Much of the AfD’s populist parlance is geared towards portraying themselves as protectors of a common-sensical truth from ‘gender-gaga ideologies’ and their instruments of ‘indoctrination’, ‘disenfranchisement’ (Entmündigung), and ‘nationalization’ (Verstaatlichung) (Storch, Bundestag, 2018: 4617, 19/44). Common target is the EU gender mainstreaming policy. Rather paradoxically, gender mainstreaming is not criticized for its goal to take the everyday realities of life of women and men into account in all policy decisions, but because the EU is claimed to have instilled ‘unnatural’ gender realities in the first place, and these are now to be strategically spread (see also Kováts, 2018). This argument is regularly used in German public discourse, for example, by the catholic journalists Birgit Kelle and Gabriele Kuby (Hark and Villa, 2017).
Overall, the AfD’s narrative around the issue of ‘gender ideology’ seeks to establish an imaginary heartland defined by equal rights for, but ‘natural’ differences between women and men. In this post-feminist take, it is argued that the everyday realities of heartland women are under attack by ‘radical feminists’ as part of a culturally deracinated and nebulous worldwide elite. However, the essentialist construction of such an elite casts both ‘radical feminists’ and ‘multiculturalists’ in opposition to the heartland. The AfD treats these groups as largely coextensive, and the figure of a multiculturalist and feminist elite is instrumental to their post-feminist common-sense narrative. Multiculturalist feminists, so the claim goes, are essentially a threat to women’s rights because they allow mass immigration of Muslims and strive for a pluralistic (non-assimilated) society. This line of argument is well illustrated by Höchst’s speech on the occasion of the World Women’s Day discussed earlier. After reproaching the government and the delegates of other opposition parties for endangering the achievements of first and second wave feminism with their ‘gender-equality-totalitarianism’, she continues, But, ladies and gentlemen, it gets even worse. Our generation of left-green women’s rights activists from all parties, in the parliaments and on the streets, is hiring itself out as the generation of compliant stirrup holders and welcome clappers. They will go down in history as the women and women’s rights’ activists who deliver us up to a deeply totalitarian ideology, Islam, under the cloak of tolerance. They deliver us to gender segregation and the systematic discrimination of women, which is structurally inherent in this so-called religion. (Bundestag, 2018: 1387, 19/17)
The importance of the anti-Islam framing in the AfD’s post-feminist narrative becomes clear by acknowledging the implicit rank order Höchst draws by introducing it as ‘even worse’ (noch schlimmer).
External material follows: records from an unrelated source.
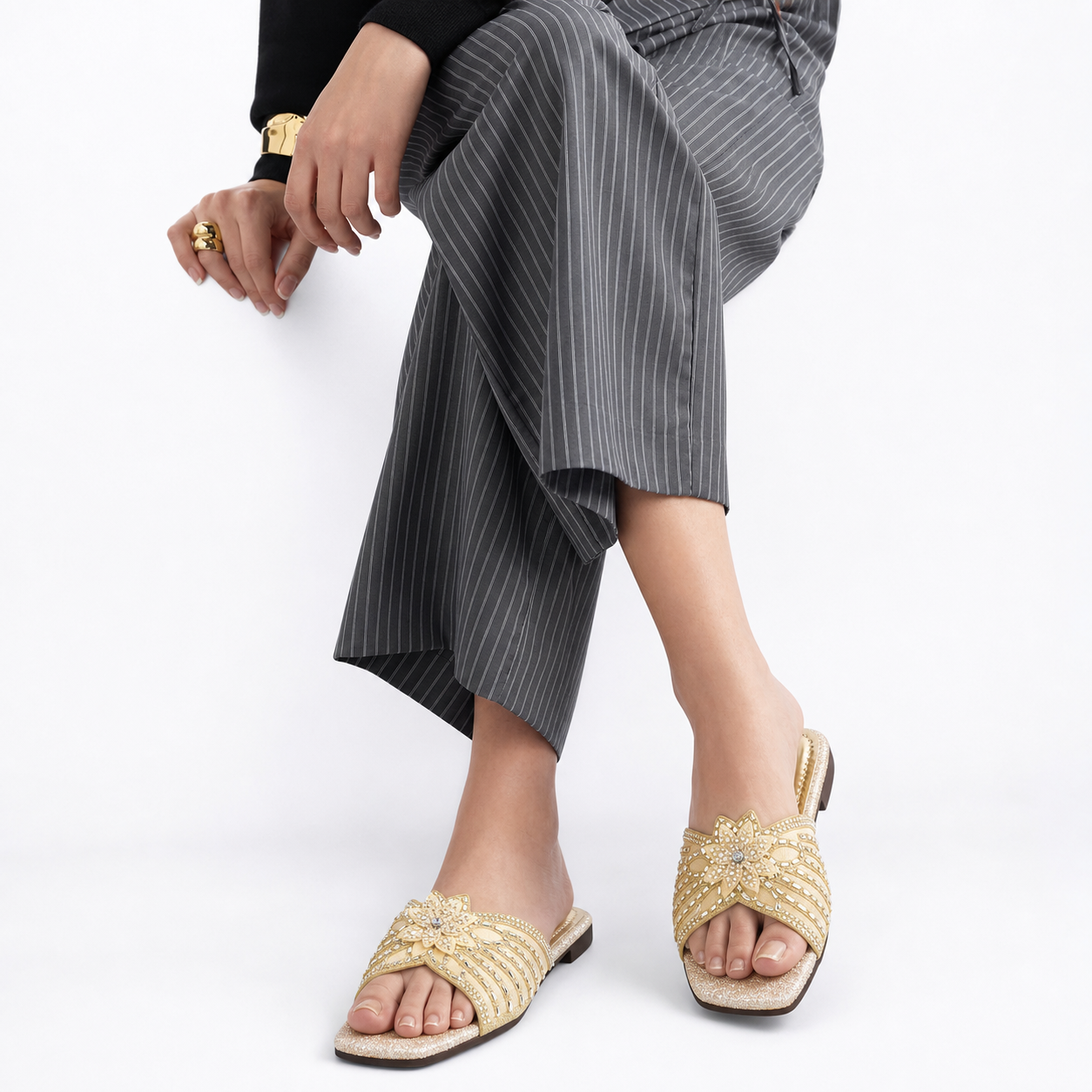 Crystal Embellished Flat Slides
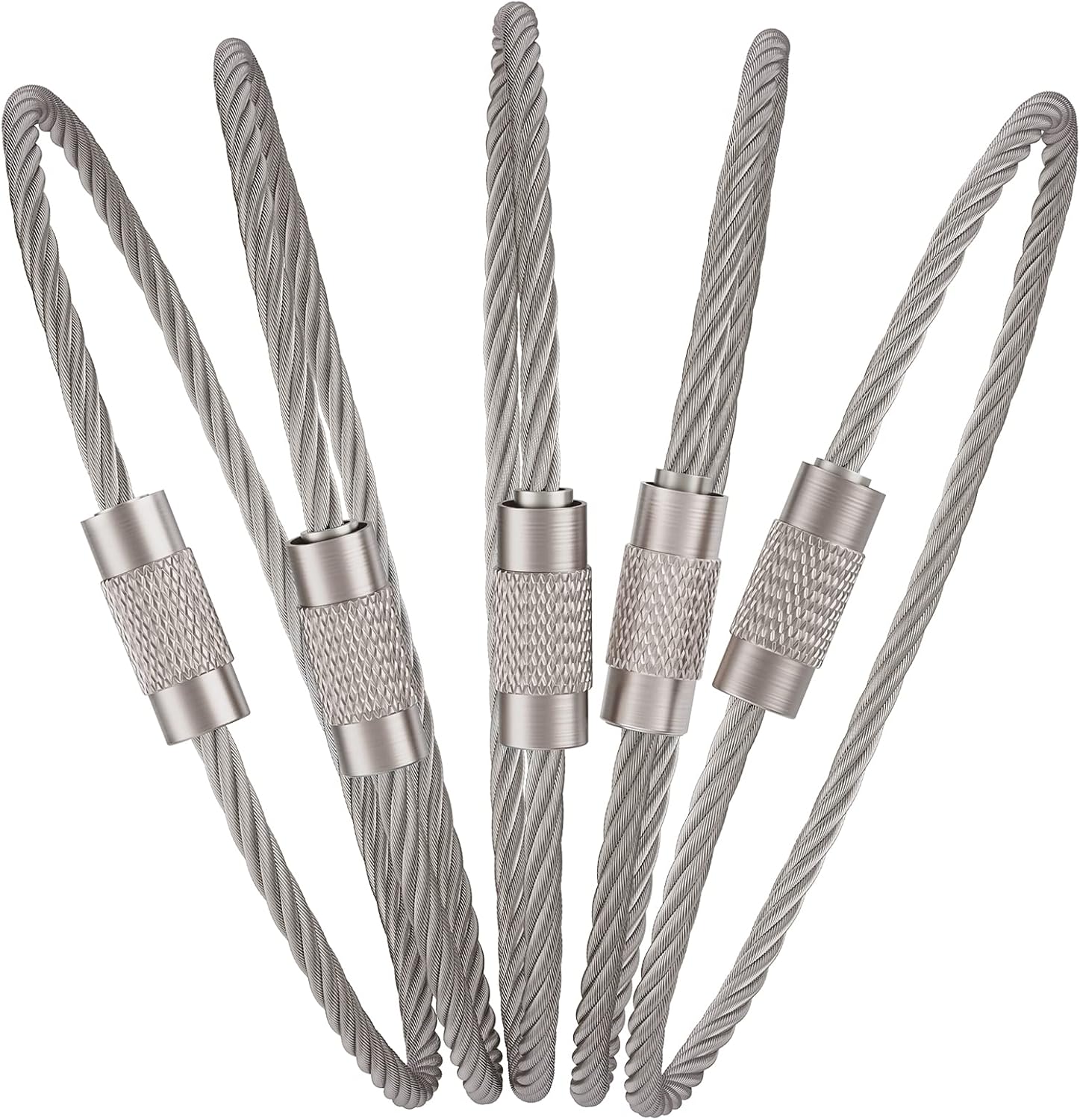 6 Inch Wire Keychain Cable Large Stainless Steel Key Ring Loop for Outdoor Hiking Connectable Luggage Tag Keeper - Image 1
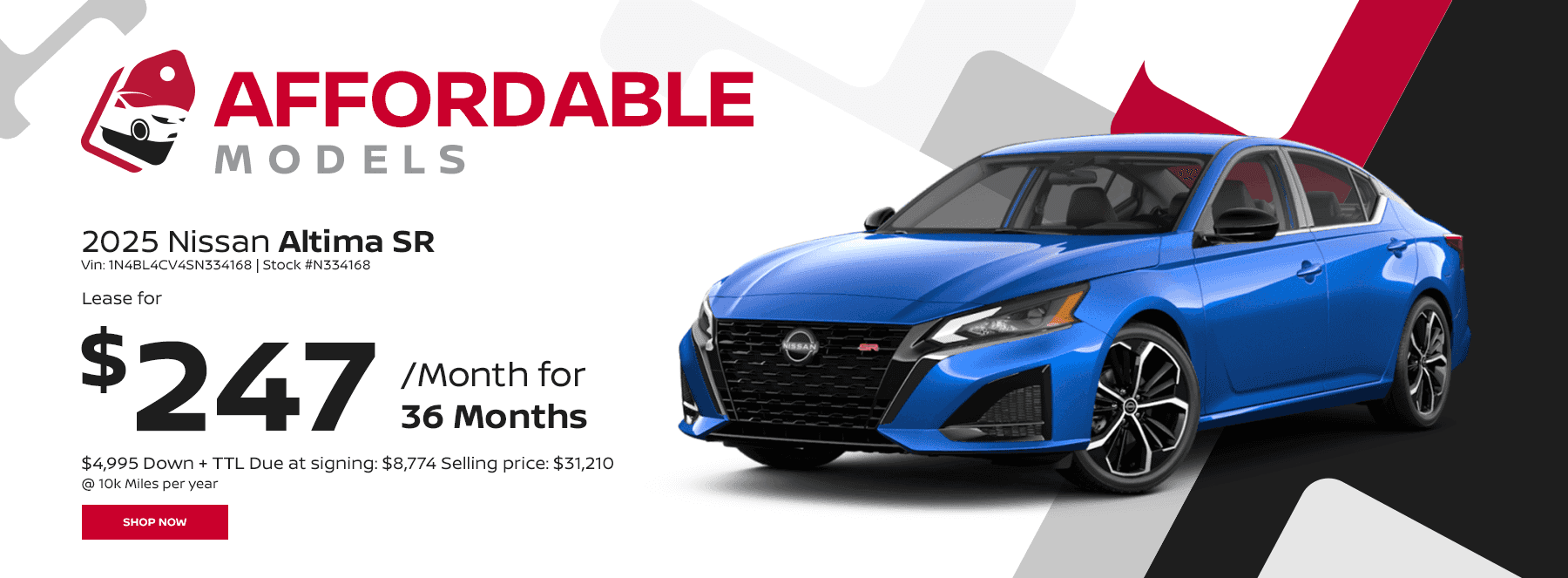 2025 Nissan Altima SR Vin: 1N4BL4CV4SN334168 Stock #N334168 36 Month Lease @ 10k Miles per year $4,995 Down + TTL Due at signing: $8,774 Selling price: $31,210 Payments: $247 per month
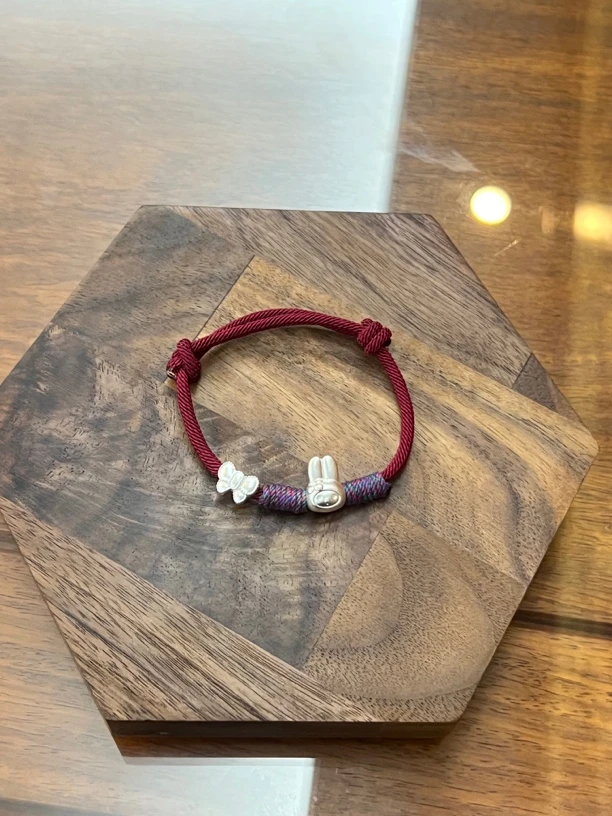 足银手链 Diy 手工编织巨少女小兔兔蝴蝶结【足银999】国潮可爱百搭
The culprits here are ‘left-green (linksgrün) women’s rights’ activists of all parties,’ thereby asserting that the multiculturalism that is usually represented by the left and green parties has become a shared stance across the establishment. However, the label ‘linksgrün’ is often pejoratively used in German to imply a naïve political correctness. For the ‘compliant stirrup holders’ (willfährige Steigbügelhalter) and ‘welcome clappers’, Höchst suggests that their precept of tolerance ‘cloaks’ what is really going on. Thus, the outlined political failure is not attributed to deliberate action (such as the imposition of a ‘gender ideology’), but to a naïve inactivity of women’s rights’ activists as well as women in general (Frauen und Frauenrechtlerinnen). It is once again the evocation of a ‘common-sensical truth’: By portraying Islam as ‘totalitarian ideology’ rather than as religion, the purportedly inherent discrimination of women appears ‘systematic’, ‘structural’, and ultimately immutable.
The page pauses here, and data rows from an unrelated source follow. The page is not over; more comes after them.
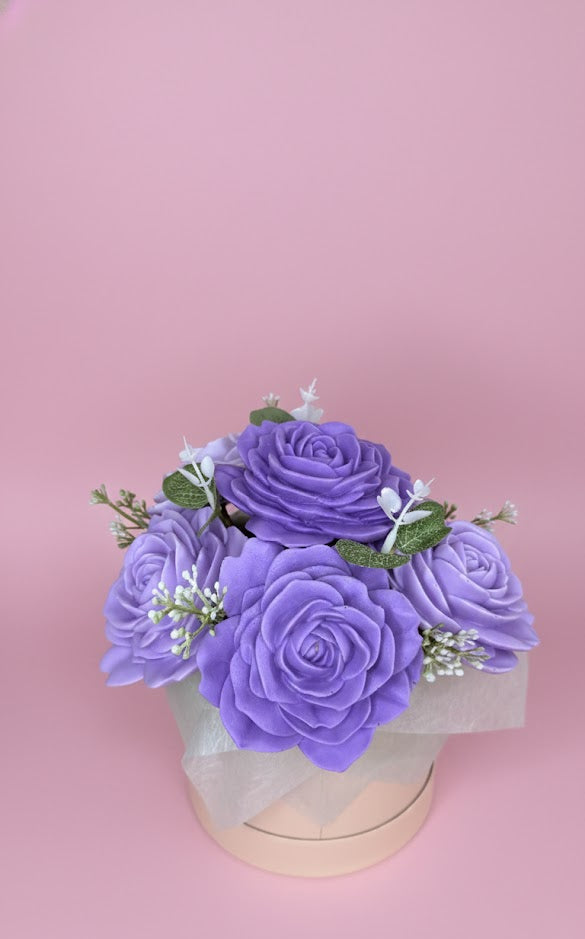 Realistic Purple Rose Soap Flowers - Luxury Gift Set - Handmade in Canada by O.K. Bubbles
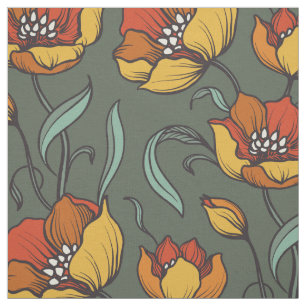 Vintage Green Orange Gold Nostalgic Floral Fabric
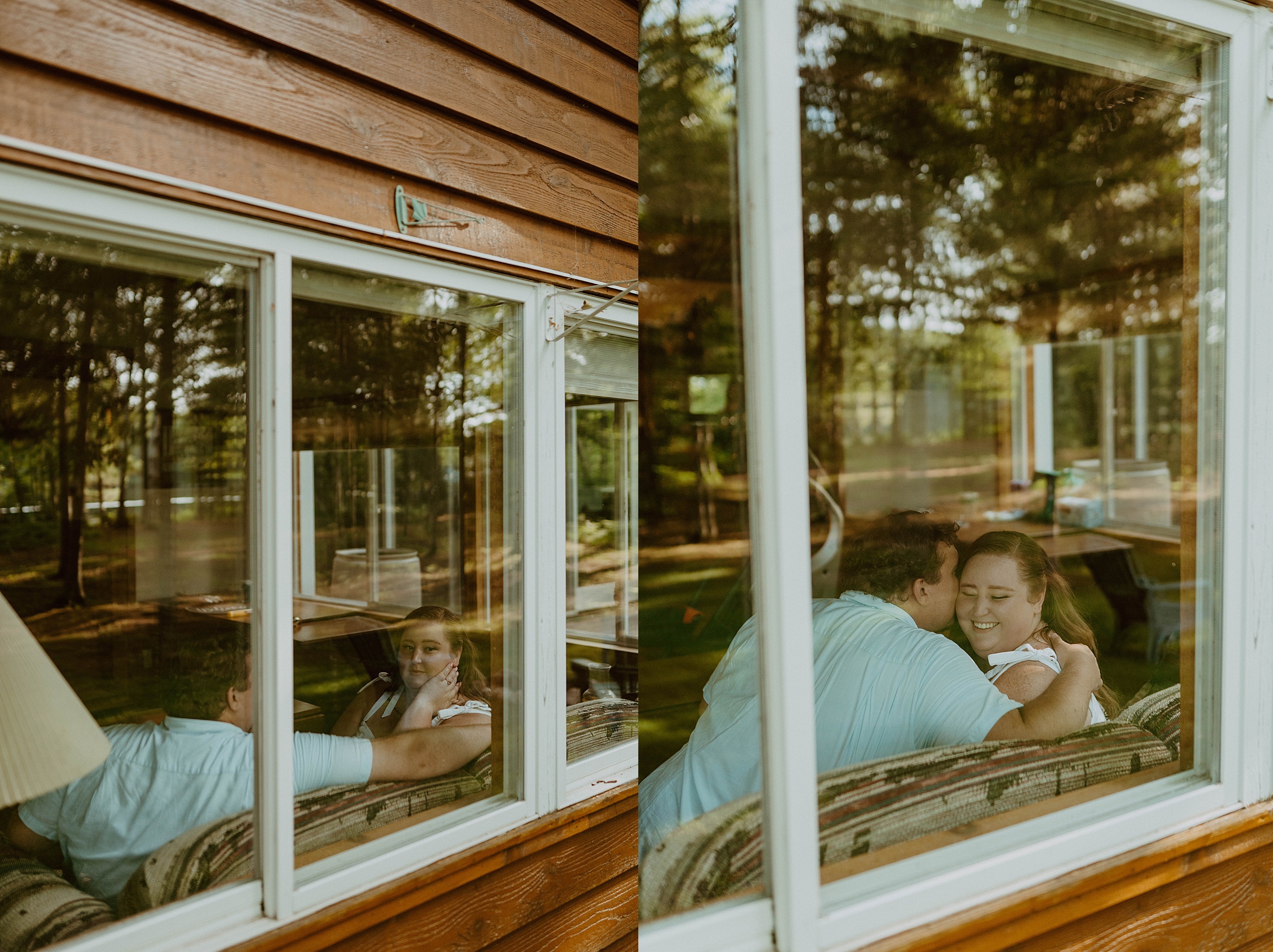 couple holding each other in cabin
Women’s rights have often been used as a vehicle to establish a notion of a ‘false’ or ‘misguided’ tolerance (falsche Toleranz) in the German public discourse. Particularly, the figure of the ‘Muslim woman’ has been employed to redefine a European subject whose liberalism is expressed in a stance of ‘zero tolerance’ versus the ‘intolerance’ of Islam (Yildiz, 2011). Much of the purported image is a reframing of the cultural imperialism of the West, now both White men and White women ‘saving brown women from brown men’ (Spivak, 1988: 92). As in other European countries, public-veiling has been a main site of contestation in Germany in which many different actors posed as the liberators of Muslim women from their oppressive husbands by opposing burqa, hijab, and headscarf (Fournier and Yurdakul, 2010). Particularly, burqa and hijab seem instrumental to the AfD’s Bundestag speeches as markers of a fundamental cultural difference between the values of the heartland and the ‘values of Islam’. In February 2018, the AfD made a motion to ban full veiling in public. In the corresponding debate, Curio explains, The AfD calls for a ban on full veiling in public places. It is about protecting the individual freedom rights of Muslim women against peer pressure and intimidation in parallel societies. It is about the preservation of the values of our society, which cannot tolerate the optical redaction (Unkenntlichmachung) of the person. This erasure of the face is the symbol of the suppression of female self-determination, it is gender-specific discrimination par excellence. (Bundestag, 2018: 1111, 19/14)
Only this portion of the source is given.